Guance Data Sampling Technical Guide: Optimizing Data Volume and Query Efficiency¶

Functional Processing Logic¶

The data sampling feature of Guance spans the entire lifecycle of data processing:

Sampling during the collection phase: Filters data before ingestion, reducing data intake and storage costs.
Sampling during the query phase: Intelligently downsamples large-scale query results, improving chart rendering and data analysis speed.

Core Principles¶

The two phases of sampling are independent yet complementary: Sampling during the collection phase determines which data is permanently stored, directly impacting storage costs; sampling during the query phase only affects data presentation, with the original data remaining intact. Under the premise of ensuring key data integrity, resource consumption is optimized through sampling strategies.
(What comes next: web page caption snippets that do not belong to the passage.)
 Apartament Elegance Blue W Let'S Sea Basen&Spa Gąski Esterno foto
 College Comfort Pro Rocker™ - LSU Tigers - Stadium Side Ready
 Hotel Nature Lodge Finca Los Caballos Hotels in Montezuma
Sampling Configuration in the Data Collection Phase¶

Here are three typical scenarios.

1. RUM Sampling¶

Configuration entry: Guance Console > RUM > Create/Edit Application > SDK Configuration.
Sampling logic:
- Controls the data reporting ratio by setting the sampleRate parameter (e.g., sampleRate: 90).
- Generates a random number (0-100) during SDK initialization; if the random number is less than the sampling rate, the data is reported.
Use Cases: Web/Android/iOS/Mini Program applications that need to reduce the storage cost of user behavior data.

2. APM Sampling¶

Supported methods:
- Set sampling rates through code instrumentation (e.g., DDTrace, OpenTelemetry);
- Configure trace data sampling rules in the DataKit collector.
Sampling strategy:
- Full collection: Error requests, slow requests;
- Downsampling: Normal requests (sampling rate can be set to 1%-10%).

3. Log Data Sampling¶

Configuration capabilities:
- Use the drop() function in Pipeline to discard redundant logs, or the sample() function for proportional sampling;
- Supports configuring blacklists to filter low-value logs.
Typical scenario: Apply a low sampling rate to debug logs and full collection to error logs.
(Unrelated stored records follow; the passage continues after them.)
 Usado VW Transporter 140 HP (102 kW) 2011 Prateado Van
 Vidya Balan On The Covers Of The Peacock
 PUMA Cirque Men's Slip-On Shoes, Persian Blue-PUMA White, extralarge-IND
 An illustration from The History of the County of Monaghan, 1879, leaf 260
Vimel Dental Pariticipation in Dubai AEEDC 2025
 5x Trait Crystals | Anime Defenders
Sampling Function in the Query Phase¶

Guance provides an intelligent sampling mechanism during the query phase, which is automatically triggered when the query data volume reaches preset thresholds, ensuring the response performance of large-scale data queries.

Key sampling thresholds set by the system include:

Dashboard queries: 200 million data points
Explorer queries: 100 million data points
Facet queries: 5 million data points
Other general queries: 200 million data points

Sampling Strategy Selection Guide¶

Scenario	Sampling Type	Recommended Configuration	Notes
User Behavior Analysis	RUM Collection Sampling	Set sampling rate based on business importance	Ensure full collection of error operations and critical paths
Application Performance Troubleshooting	APM Trace Sampling	Full collection of error/slow requests, sampling rate of 1%-10% for normal requests	Ensure trace integrity through TraceID
Long-term Log Storage	Log Pipeline Sampling	Sampling rate ≤5% for high-frequency logs, full collection of error logs	Combine with sensitive data masking rules
Dashboard Macro Trends	Query Sampling	Enable sampling for time ranges > 24 hours	Disable sampling and narrow the time range when troubleshooting specific issues.
Real-time Alerts	No Sampling	Calculate based on raw data	Avoid false positives/negatives caused by sampling

Key Considerations¶

Data Consistency: Sampling may dilute extreme values; important decisions should be validated with full data.
Cost-Performance Balance: Collection sampling reduces storage costs, while query sampling improves response speed.
Dynamic Optimization: Regularly check the statistical distribution of sampled data and adjust strategies to adapt to business changes.

Summary¶

The sampling feature of Guance is a multi-level, customizable tool for optimizing cost and performance:

Collection-side sampling directly reduces data inflow, suitable for high-frequency data such as RUM, APM, and logs.
Query-side sampling ensures smooth interaction with large-scale data, suitable for dashboards and historical analysis.

By combining business priorities (e.g., full collection of errors, downsampling of normal data) with query needs (enable for macro trends, disable for precise troubleshooting), the optimal balance between resource efficiency and data reliability can be achieved.